What you are asked to do
Reproduce, without alteration, every line of the data; exclude the images.

Dataset excerpt

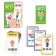 The board game "The world and me. Professions, transport and products ", 3+
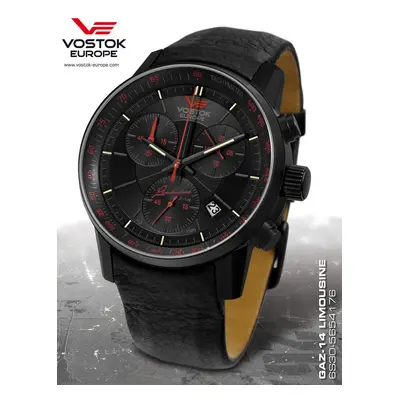 VOSTOK-EUROPE 6S30-5654176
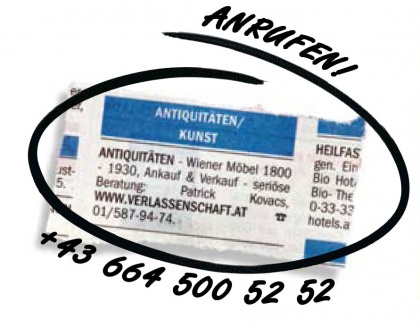 +43 664 5005252 anrufen Verlassenschaften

Task output
 The board game "The world and me. Professions, transport and products ", 3+
 VOSTOK-EUROPE 6S30-5654176
 +43 664 5005252 anrufen Verlassenschaften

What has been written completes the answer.